Consumer Fraud Cause of Action
New York General Business Law Section 349 (a) provides, "Deceptive acts or practices in the conduct of any business, trade, or commerce or in the furnishing of any service in this state are hereby declared unlawful." § 349 (h) provides a private right of action to any person who has been injured by a violation of § 349 (a). To recover under (h), the plaintiff must prove: (1) the act or practice was consumer oriented; (2) the act or practice was misleading; and (3) they were injured by the deceptive act or practice. (Stutman v Chemical Bank, 95 N.Y.2d 24, 29 [2000].) Plaintiff has not alleged that they were injured by any deceptive act or practice. As described above, the injury plaintiff suffered arises from a breach of contract and negligence. In this sense, plaintiffs consumer fraud claim is duplicative of his breach of contract cause of action as well. As such, plaintiff does not have an actionable consumer fraud claim.

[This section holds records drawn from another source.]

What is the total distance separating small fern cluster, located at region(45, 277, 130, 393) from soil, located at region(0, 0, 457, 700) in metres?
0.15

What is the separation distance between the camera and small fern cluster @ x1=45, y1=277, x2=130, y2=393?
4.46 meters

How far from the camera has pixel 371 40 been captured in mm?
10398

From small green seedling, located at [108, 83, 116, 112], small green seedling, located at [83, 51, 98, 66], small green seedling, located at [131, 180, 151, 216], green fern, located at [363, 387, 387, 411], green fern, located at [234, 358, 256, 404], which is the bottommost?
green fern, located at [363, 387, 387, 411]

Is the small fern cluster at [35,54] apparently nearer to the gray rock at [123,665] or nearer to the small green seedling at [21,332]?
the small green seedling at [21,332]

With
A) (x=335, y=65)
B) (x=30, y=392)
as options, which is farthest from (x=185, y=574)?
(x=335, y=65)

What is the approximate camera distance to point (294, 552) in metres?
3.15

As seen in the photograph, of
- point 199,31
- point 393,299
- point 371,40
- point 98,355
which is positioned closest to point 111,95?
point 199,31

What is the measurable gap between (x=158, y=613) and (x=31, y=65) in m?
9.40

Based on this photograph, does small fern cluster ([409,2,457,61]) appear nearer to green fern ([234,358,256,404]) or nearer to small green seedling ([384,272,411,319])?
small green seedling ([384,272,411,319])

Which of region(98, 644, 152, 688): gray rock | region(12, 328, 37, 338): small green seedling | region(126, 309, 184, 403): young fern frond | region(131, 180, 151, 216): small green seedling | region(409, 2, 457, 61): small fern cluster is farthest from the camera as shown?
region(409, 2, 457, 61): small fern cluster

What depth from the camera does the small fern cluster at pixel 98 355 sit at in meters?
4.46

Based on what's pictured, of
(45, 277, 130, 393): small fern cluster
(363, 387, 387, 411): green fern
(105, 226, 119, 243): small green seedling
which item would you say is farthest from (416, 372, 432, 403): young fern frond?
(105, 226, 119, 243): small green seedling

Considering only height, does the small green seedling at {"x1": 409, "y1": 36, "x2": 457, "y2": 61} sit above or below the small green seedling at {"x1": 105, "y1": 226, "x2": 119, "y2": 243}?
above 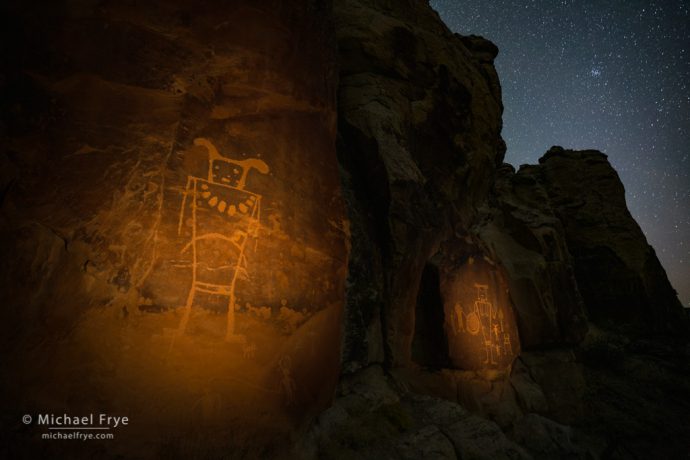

Accordingly, for the foregoing reasons, it is hereby
ORDERED that defendant Cottam Heating &Air Conditioning Inc.'s motion for summary judgment on plaintiff Martin Heller's fraud in the inducement and consumer fraud claims is granted; and it is further
ORDERED that plaintiff and defendant shall appear at 60 Centre Street, Courtroom 341, New York, New York at 10:00 a.m. on May 2, 2023, for a preliminary conference; and it is further
ORDERED that defendant shall serve a copy of this order, along with a notice of entry, on all parties within twenty (20) days of this order.
This constitutes the Decision and Order of the Court.